Colour in Faith is a global project conceived by limeSHIFT artist Yazmany Arboleda. It begins in Kenya with the intention to speckle the planet with yellow houses of worship. The colour yellow symbolizes light and dispels darkness.
In recent years, Kenya has been in the limelight on the global experience of increasing fundamentalist voices and acts of terror justified on religious grounds. This state of despair has hit every corner of the world, from Nice, to Paris, to Istanbul, to America. Colour in Faith begins a movement that reclaims these cities from those who wish them ill and reinstalls them into the hands of those who create art, culture and beauty.

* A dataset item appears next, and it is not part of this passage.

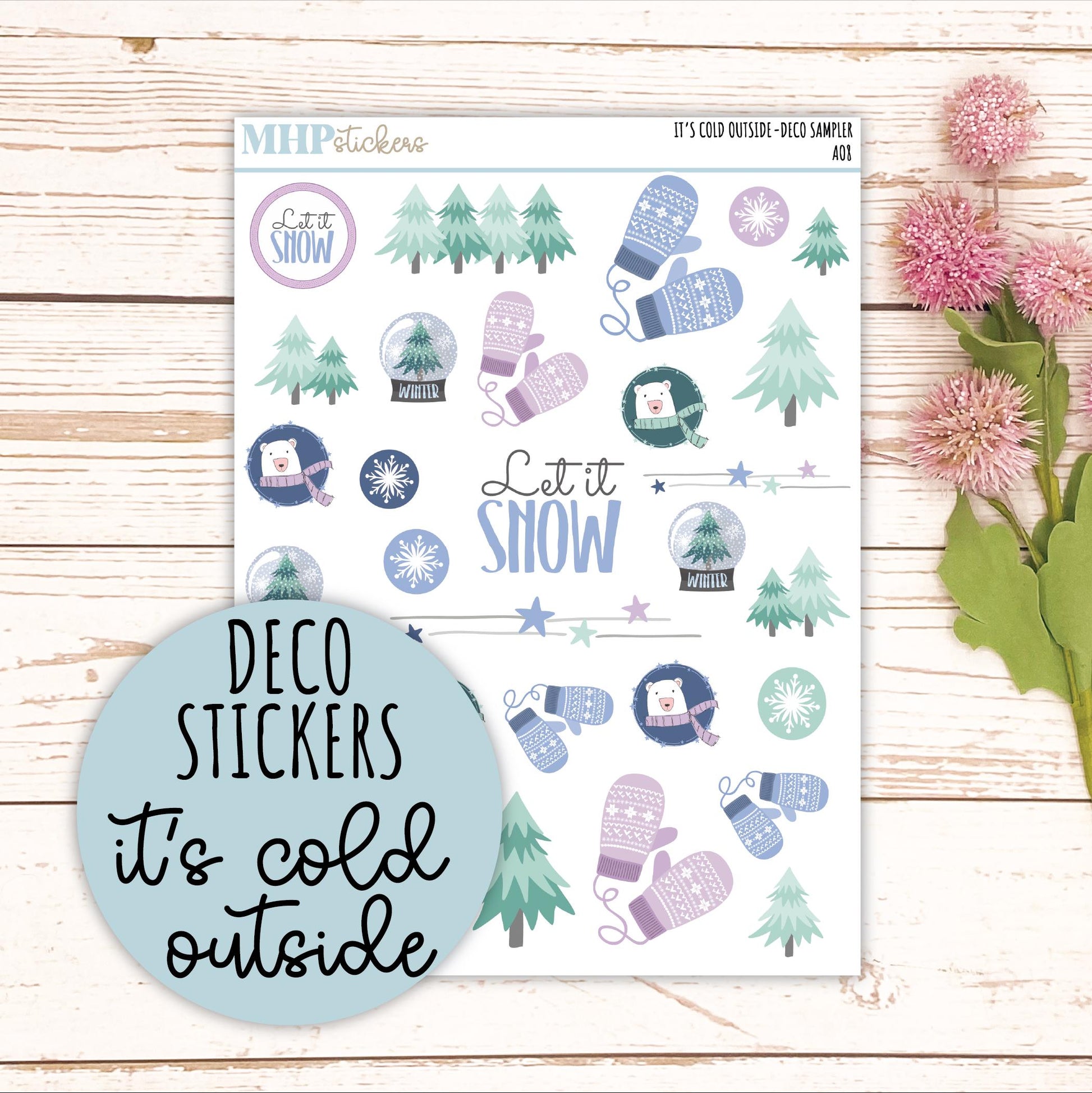 Decorative Planner Stickers "It's Cold Outside" || AO8-IC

The concept was developed in response to a call for an intervention that would facilitate a form of inclusive communication, and that would allow those who believe in acceptance, love and harmony to express these values, and reinforce them within themselves and with others. The call was also for collective action and strengthening of community. The result was a combination of civic engagement and peacebuilding with art, where a movement reinforcing religious pluralism would be created, culminating in a visual expression of love and harmony, through painting participating houses of worship yellow.
At the six-month mark, twenty houses of worship had committed to painting and the hosting organization, inCOMMONS (limeSHIFT partner) raised enough funds to paint three buildings. Colour in Faith received paint as a donation from Sadolin Paints. The East African Institute and Fatuma’s Voice (a forum that uses art, poetry and music as a tool for youth to express themselves) hosted five tweet chats on the relationship of faith with leadership, radicalization and patriotism one of which trended third in Kenya and reached 1.5 million people (#YellowKE).
The first three buildings were painted in June. Muslims and Christians came together and painted while entertained by poets. Painting the buildings represented a symbolic gesture that expressed growing community unity, belief in love and an expression of inclusivity as a result of the project. Local TV stations featured the project and its importance in creating cohesion and mitigating conflict in advance of the upcoming 2017 presidential election.
As resources are mobilized for more buildings, a new partnership has been developed with Nairobi City Hall. The project’s first phase also unearthed the limitations and challenges of altering religious structures. Hierarchy, bureaucracy, and corruption encumber many religious institutions from responding quickly to social challenges. These challenges include prejudice, estrangement, fear, political fragility and a myriad of reasons that tear people apart instead of bringing them together. In response to this, we have decided to use the next phase of the project to design a space in the center of the city built by and for all faiths reflecting a new collective narrative outside of the walls of religion.
In addition to lifting the city’s consciousness of Nairobi’s historic cultural and religious pluralism, the space will use place-making to address safety and improve the pedestrian experience. The space will build community and cohesion and allow for conversation.